Things that were priorities stopped and he was forced to decide what was really important in his life, who were really important in his life.

Instead of his career and planning pensions, his family became more important and friendships.

The weird thing is, cancer might have been the best thing that happened to him.

Again, just like communion.

To the disciples the last supper was a disaster.

Jesus was telling them that one of them was going to betray him, that they were all going to desert him.

Jesus was going on about his death again.

To them all their plans were going to be destroyed. This was the worst thing that could happen to them.

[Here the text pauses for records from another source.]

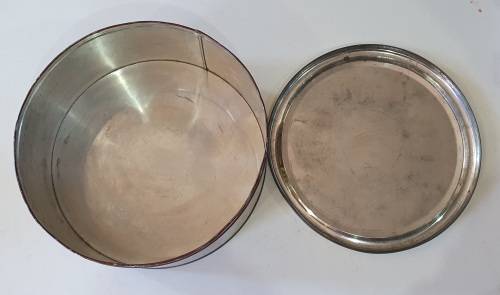 WESTON`S 2 kg biscuits tin, Springs, Transvaal, as per photo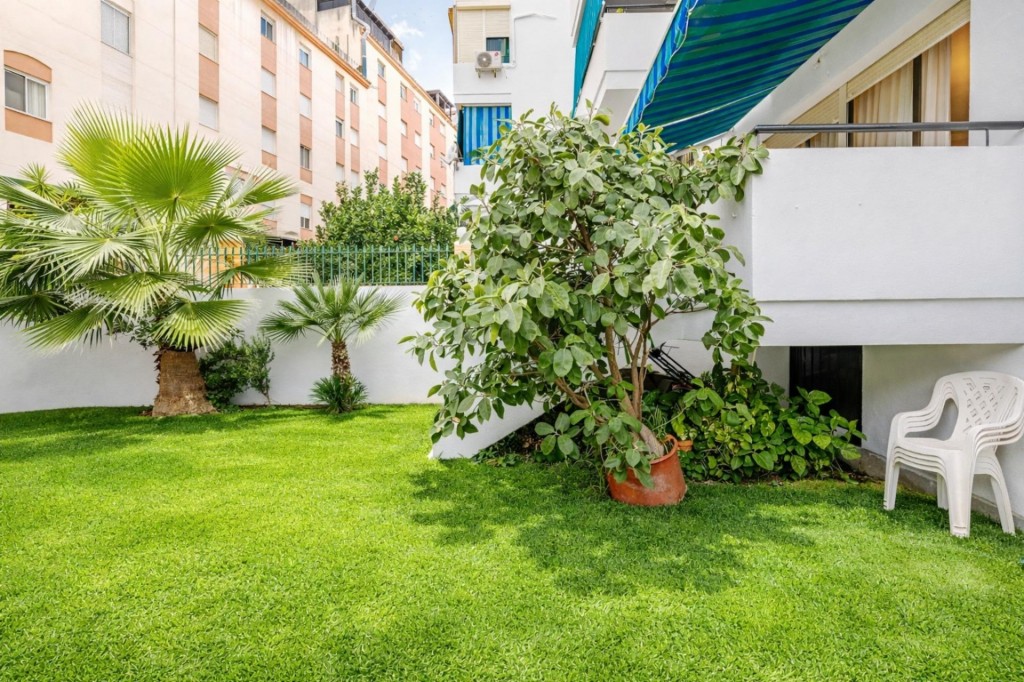 Imagen 2 de Adosada en Venta en Estepona Málaga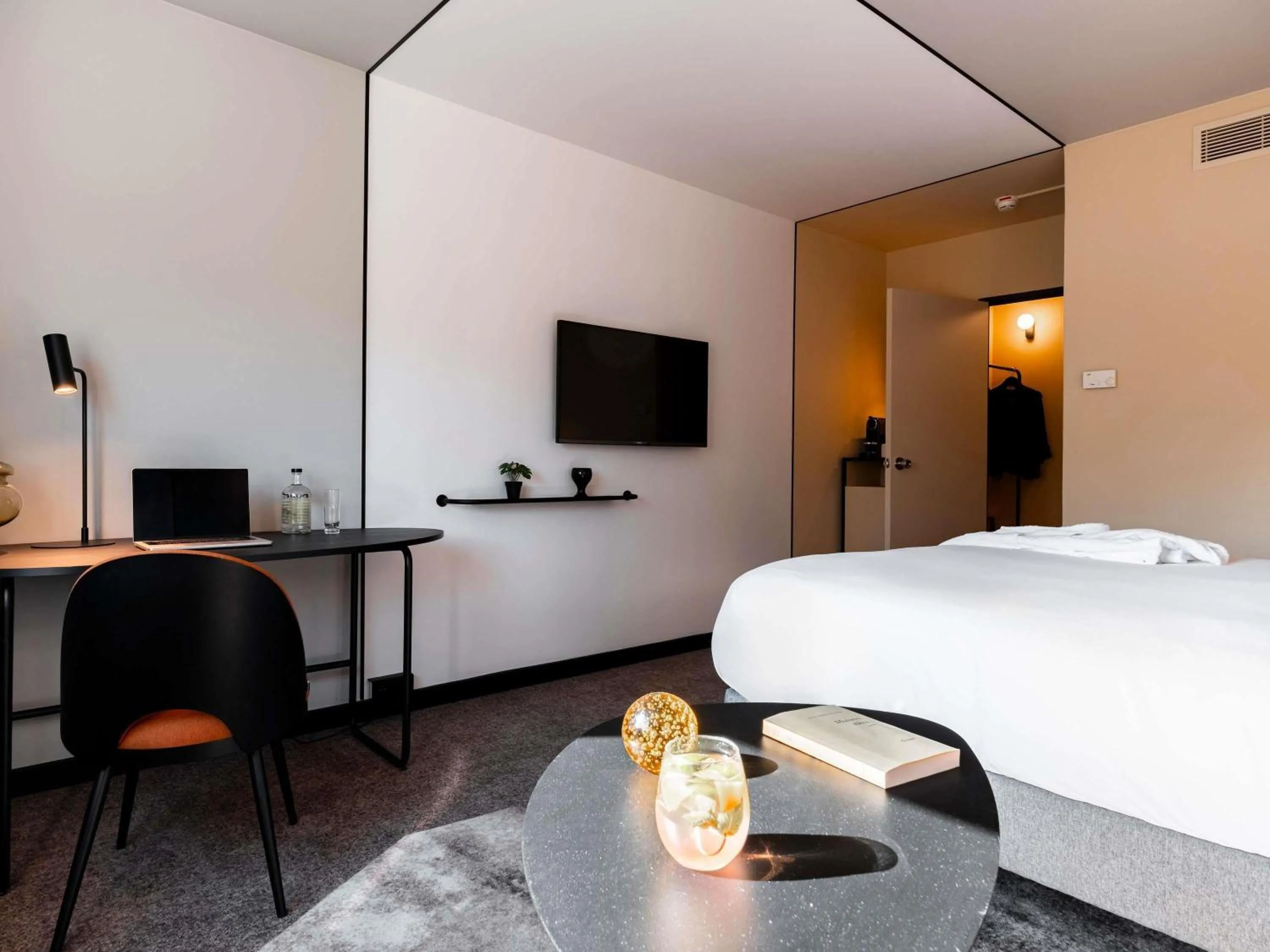 Bedroom, Bed in Novotel Belfort Centre Atria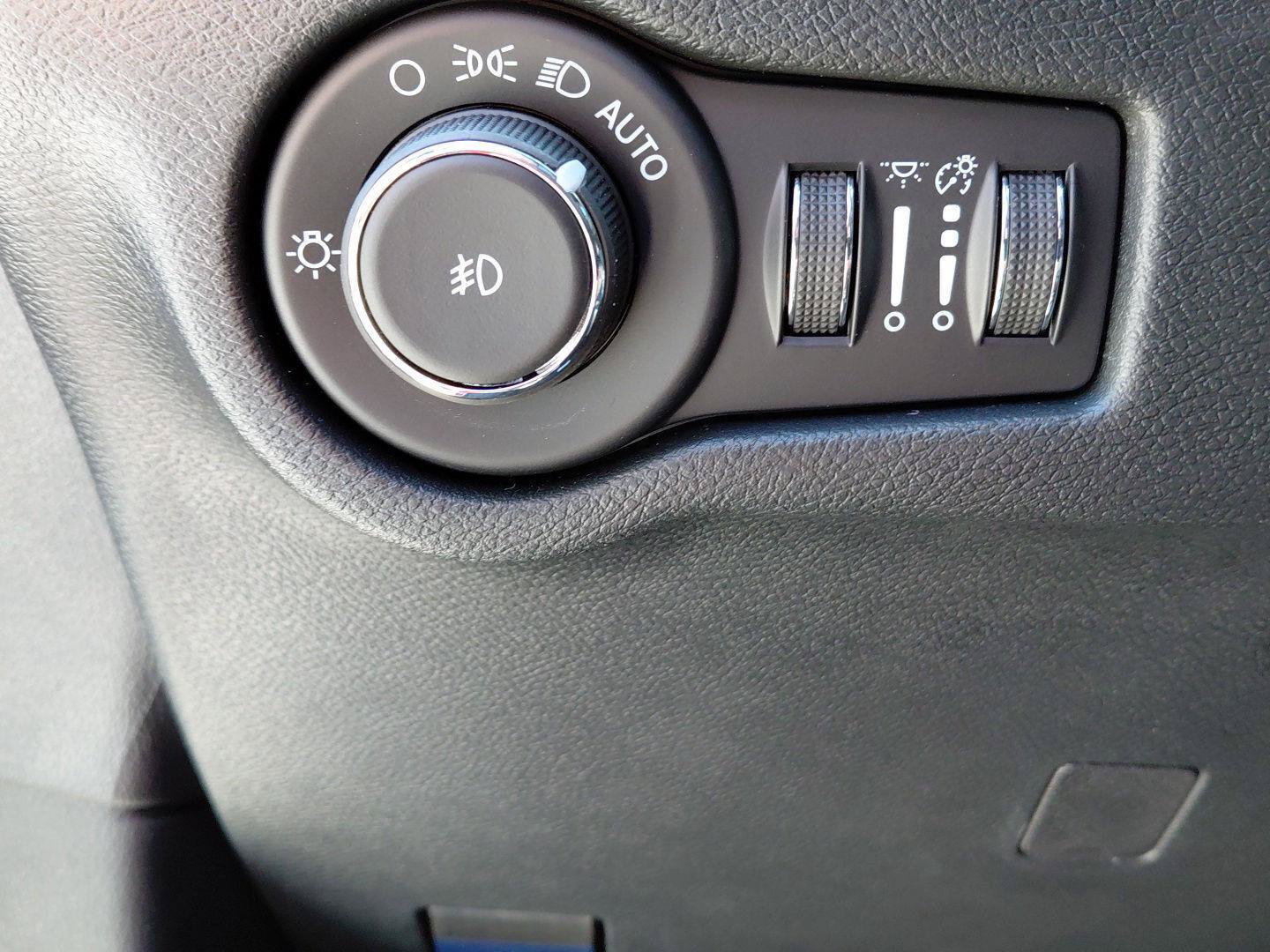 New 2026 Chrysler Pacifica Select AWD/4WD image 30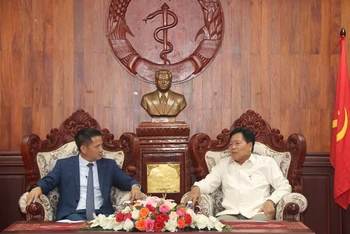 Tổng giám đốc VietinBank Lào Lê Quốc Nam (trái) chia sẻ những khó khăn do đại dịch Covid-19 gây ra đối với Chính phủ và người dân Lào.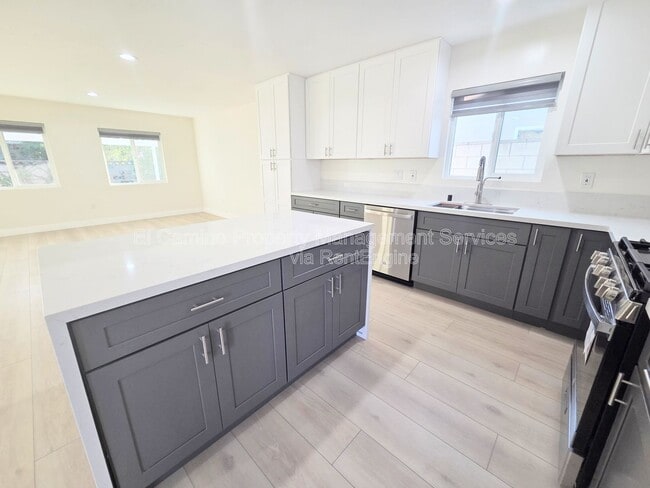 Building Photo - 5662 Cathy Ln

And yet Jesus was there explaining all of this disaster and telling them that this would end up being the best thing that happened to them.

Maybe the truth is that life is not about what happens to us, it is about whether we are open to God’s plan for us though what happens to us.

Clackmannan Parish Church. Haven’t had a full time minister in nearly 18 months. Probably won’t get another full time minister for about a year. And yet through this, a worship team has been created that will be taking its first full service in about a months’ time.

Will it stretch them...yes.

Are they really nervous...really yes.

Will they grow in their faith through this...oh yes.

And it may never have happened if everything was going well.

All those gifts not allowed to flourish.

All those possibilities not sought.

I don't believe God causes disaster, but I do believe that even in disaster God can work for good.

That was Ezekiel’s message to the people that used to live in Jerusalem.

And I think that’s God message for us tonight.

God did not cause the pain you may be in, but he can work through it, can work in it, to do good...if we let him.